Do you believe that more or less most women have been or will at some point be raped or sexually assaulted?

Do you believe that most men tend to underestimate the ubiquitous reality of rape and immediately question any allegation of rape outside of the stranger-attack jump-in-the-alley context? That victims of rape must expect to undergo such a humiliating and debilitating process from police and lawyers in order to get justice for the crime committed against them that many simply do not bother? That rape and victims of rape are routinely joked about and trivialised both in mainstream media and popular perception to the extent that there appears to be such a thing as 'rape culture' - a culture where all but the worst and most violent rape offences are effectively condoned and, where possible, brushed under the carpet for the sake of protecting the offender at the expense of the victim?

If you believe these things, it will be clear to you that the allegations against Julian Assange - like all rape allegations - must be taken very seriously and that he must go to Sweden to answer them in court.

Do you believe that there is something deeply rotten at the heart of most, if not all Western democracies?

Do you believe that the secret services of Western democracies effectively operate outside the jurisdiction of the law and are quite prepared to do absolutely anything - including murders, smear campaigns and honeytraps - to further their own ends? That even democratic states such as the US and the UK will do whatever they believe they can get away with behind the scenes - regardless of international or domestic law - in order to further their own interests? Do you believe that the culture of secrecy in government is the key factor protecting this kind of behaviour, and that Wikileaks is the first organisation to truly strike a blow against this culture of secrecy, something that has genuinely scared the living daylights out of powerful individuals, governments and institutions across the world, and that has caused them to react accordingly.

If you believe these things, it will be clear to you that the rape allegations against Julian Assange are nothing but a particularly blatant honeytrap smear campaign designed to stop his active participation in Wikileaks, and hold him in place, either in the UK or Sweden, until grounds can be found to extradite him to the US, where the life expectancy of his activity in Wikileaks, if not his actual life expectancy in general, will be pretty short.

It will be clear to you, that is, unless you also believe in the first set of things, in which case, like me, you've probably spent the last little while with your head on fire, trying to balance the two sets of ideas.

The circle has been squared by several writers: Johann Hari, Cath Elliott, Amanda Marcotte, Laurie Penny and Kate Harding have all written excellent essays attempting to explain why - given the existence of rape culture - there are serious problems with all attempts to pre-emptively defend Assange against the rape allegations even in the face of the explicit, public, US-led threat to 'get him' at all costs.

Other writers - people that you might perhaps have thought would have known better - such as Craig Murray, Michael Moore, John Perry Barlow and Naomi Wolf, have written defences of Assange that all have one thing in common - they trivialise these specific rape allegations in order to defend Assange.

The problem has perhaps best been summed up by Katrin Axelsson of Women Against Rape, whose letter to the Guardian on the subject is here.
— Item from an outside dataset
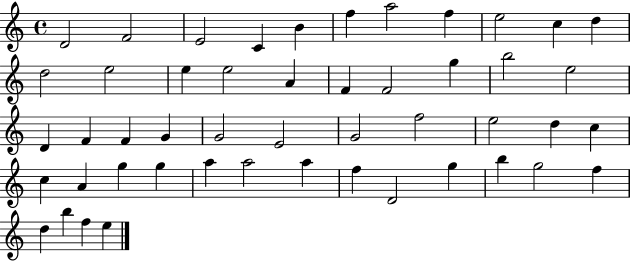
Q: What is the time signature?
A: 4/4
The key phrase is this: there is a long tradition of the use of rape and sexual assault for political agendas that have nothing to do with women's safety.

If you support Wikileaks but don't accept the existence of rape culture, of course, sorting out the Assange case is easy - it's all a honeytrap smear campaign straight out of the CIA Dirty Tricks textbook. If you do accept the existence of rape culture, however, you'll realise that misguided ideas about what is and is not acceptable behaviour and what is and is not rape are so widespread - even among those ostensibly committed to social justice - that it is not in any way reasonable to rule out the possibility that Assange actually might have done it. After all, the best way to frame someone you want to frame is for something they actually did. The full power of the State will - not wrongly - get behind you in seeing the person you want eliminated put away.
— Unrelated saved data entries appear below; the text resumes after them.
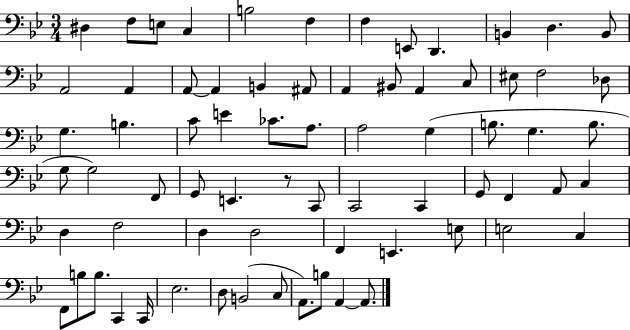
{
  \clef bass
  \numericTimeSignature
  \time 3/4
  \key bes \major
  dis4 f8 e8 c4 | b2 f4 | f4 e,8 d,4. | b,4 d4. b,8 | \break a,2 a,4 | a,8~~ a,4 b,4 ais,8 | a,4 bis,8 a,4 c8 | eis8 f2 des8 | \break g4. b4. | c'8 e'4 ces'8. a8. | a2 g4( | b8. g4. b8. | \break g8 g2) f,8 | g,8 e,4. r8 c,8 | c,2 c,4 | g,8 f,4 a,8 c4 | \break d4 f2 | d4 d2 | f,4 e,4. e8 | e2 c4 | \break f,8 b8 b8. c,4 c,16 | ees2. | d8 b,2( c8 | a,8.) b8 a,4~~ a,8. | \break \bar "|."
} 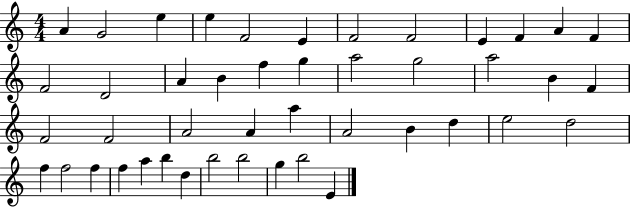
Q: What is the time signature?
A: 4/4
That's the chilling answer to Craig Murray's litany of political whistleblowers who mysteriously have subsequently faced allegations of sex crimes - such things are so widespread that it's perfectly possible that all those allegations are actually true: in a world where most sex offenders get away with it, only those who also act against the interests of the State are in trouble.

If you're paranoid about what organisations like MI6 or the CIA might do to people who they see as enemies, don't think for a single moment that they would bother wasting time setting up a brand new honeytrap for a guy they already knew to be a little bit off when it came to the boundaries of consensuality in sex. They'll just use that knowledge instead - even if - purely hypothetically - both women involved were actually big supporters both of Wikileaks in general and Assange in particular.

Two final points. Firstly, the underlying mechanism and philosophical underpinning of Wikileaks has now effectively been open-sourced. There already exist other organisations based on the same principle: in order to force so-called democracies to operate with just governance, it is necessary to provide whistle-blowers a method for safely and anonymously leaking secret and damaging documents which can then be sent to the press and publicised. To that extent, while it is clear that Wikileaks specifically has yet to release every document in its possession, its major mission has been accomplished. Kill Assange tonight, and you will still have a constant stream of no-longer secret documents being released from now until the heat-death of the internet.

Secondly, those who are aware of the existence of rape culture have an enormously long way to go in order to persuade people - even on the progressive wing of politics - that such a thing even exists. There's an awful lot of eye-rolling going on on feminist blogs at the moment; an awful lot of 'I really can't be bothered to explain any more.' And that is understandable. But there's an awful lot of explaining left to do.

Because most guys - even on the left - don't yet get it.

Most guys don't yet know that more or less most women have been or will at some point be raped or sexually assaulted.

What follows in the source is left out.